On 30 October 2018 in a short statement placed on the Ministry of Housing, Communities and Local Government website, the Government announced the ‘geographical targeting’ of the following five housing programmes:

  • the Housing Infrastructure Fund (HIF) Forward Fund (FF) (£500m announced in the Budget, in addition to £5 billion previously announced);
  • Estates Regeneration Fund (approximately £180m);
  • the short term Home Building Fund (£4.5bn);
  • Small Sites Fund (£630m); and
  • Land Assembly Fund (£1.3bn).

A minimum of 80% of resources available from those programmes will, on average over the next 5 years, be directed at areas of ‘highest affordability pressure’. These are defined using the ratio of median house prices to median workplace-based household income figures.

Homes England have verbally confirmed that this methodology applies to the HIF FF business plan projects already in development, which were announced in February 2018. Those local authority areas with a Forward Fund bid and not identified as having ‘high affordability pressure’ will be competing for a share of 20% of the £5.5 billion available for HIF FF.

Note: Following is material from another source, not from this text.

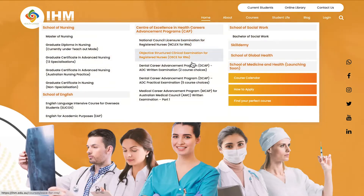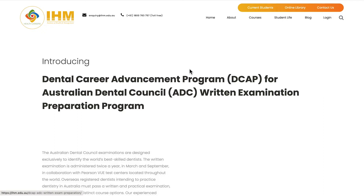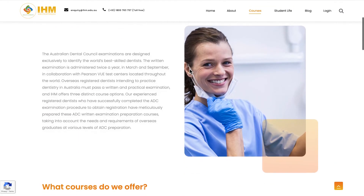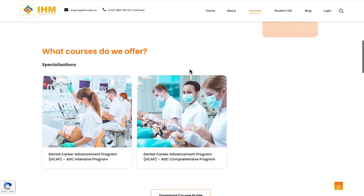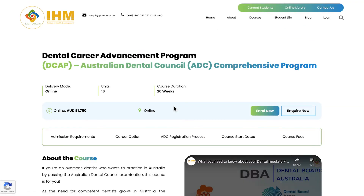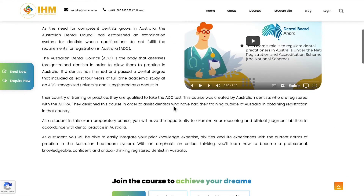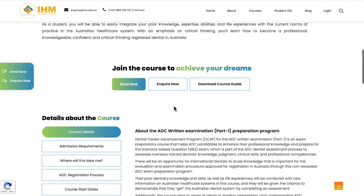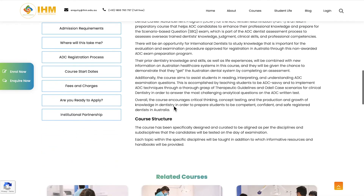If you are interested in preparing for either the written examination or the practical examination, the Institute of Health and Management now offers preparation programs. We have a 20-week online exam preparation program for overseas registered dentists preparing for the written examination, and a one-week to four-week preparation program for those preparing for the practical examination. Please log on to our website ihm.edu.au to learn more about these courses and the offerings at IHM.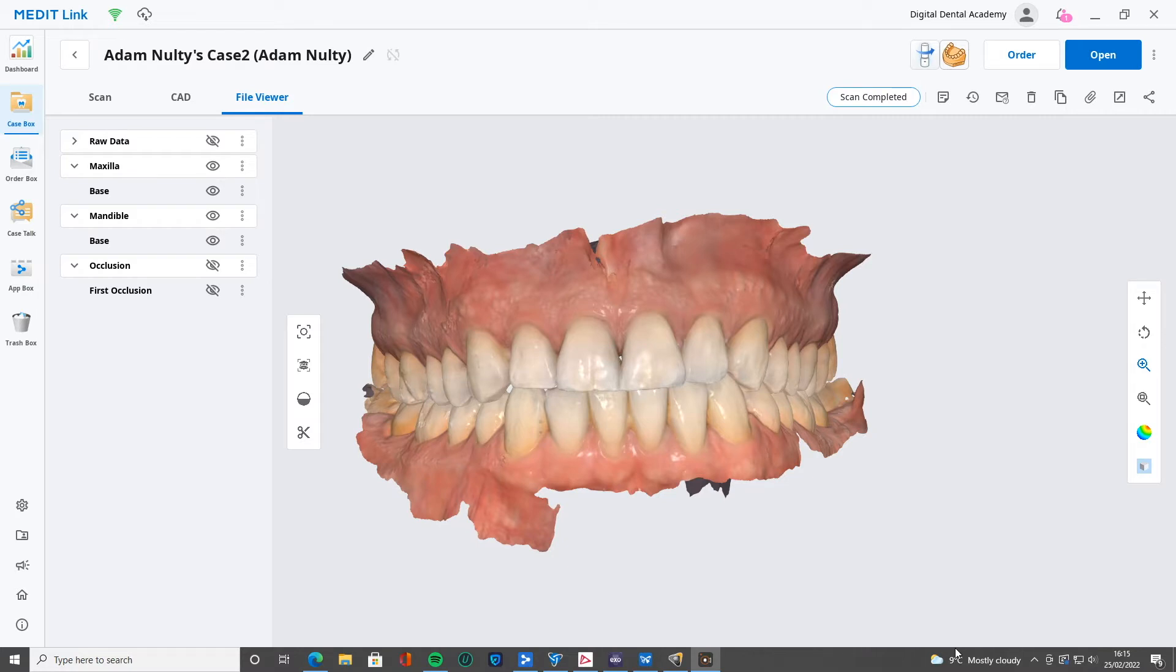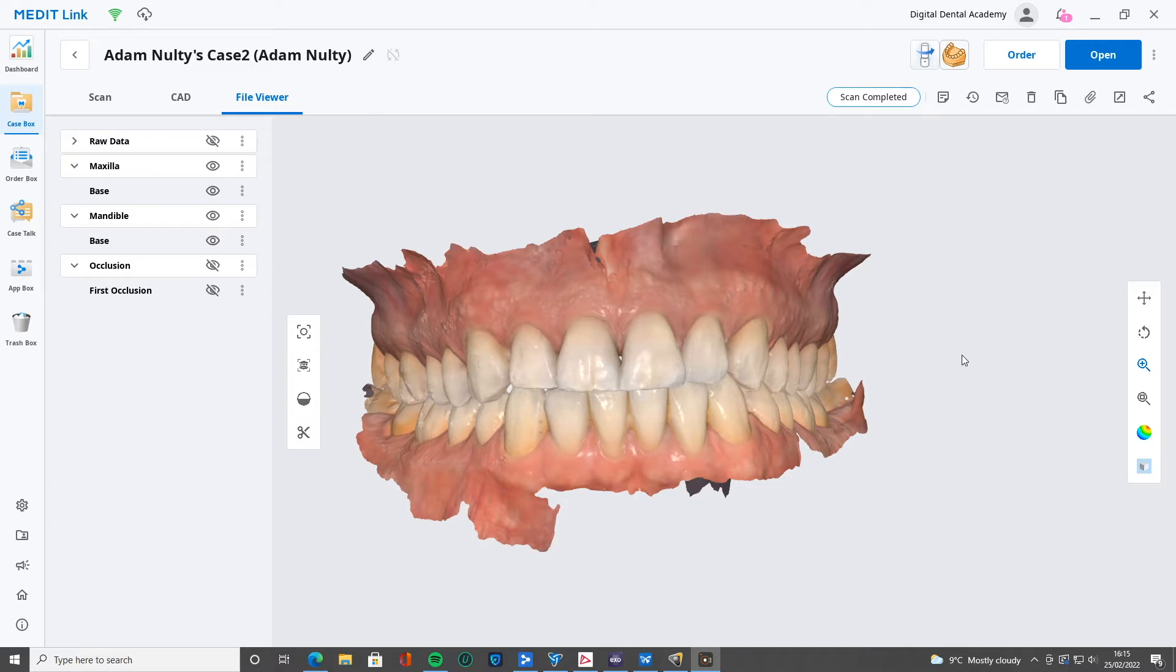I'm just going to run through it and you'll see exactly how easy it is. I'll show you a couple of tutorials about model making in MeditLink. You'll see over the next few weeks there'll be Exocad and also MeshMixer. But here we have the model, the scan open here in MeditLink.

This shift in direction is reflected in the Homes England Strategic Plan also published on 30 October 2018, with one of the Agency's key performance indicators being the share of funding to the ‘highest affordability pressure’ areas.

This geographical targeting of the five housing programmes follows the July 2018 announcement that £2 billion of Shared Ownership and Affordable Homes Programme grant funding now available for new social rent homes is limited to local authority areas with a ‘high affordability pressure’ where private rents are £50 or more higher per week than social rents. Only ten local authorities across the North are able to bid. This formula was also to be applied to the Housing Revenue Account borrowing programme until the Prime Minister announced that the borrowing cap was to be lifted.

The new targeted approach of investment can be traced back to the inclusion of major housing programmes in the National Productivity Investment Fund (NPIF) established at Autumn Statement 2016, and then expanded to £31bn at Autumn Budget 2017 along with commitment to Government investment to the Cambridge-Oxford Arc. Responsibility for NPIF lies with the Treasury, with a consequent emphasis on financial criteria driven by property values, which disadvantages lower value areas including many parts of the North and Midlands.

We are particularly disappointed that areas that Key Cities represent appear to suffer as a result of this formula, particularly the North of England and the Midlands. We call on government to reconsider the methodology being used to calculate these grants.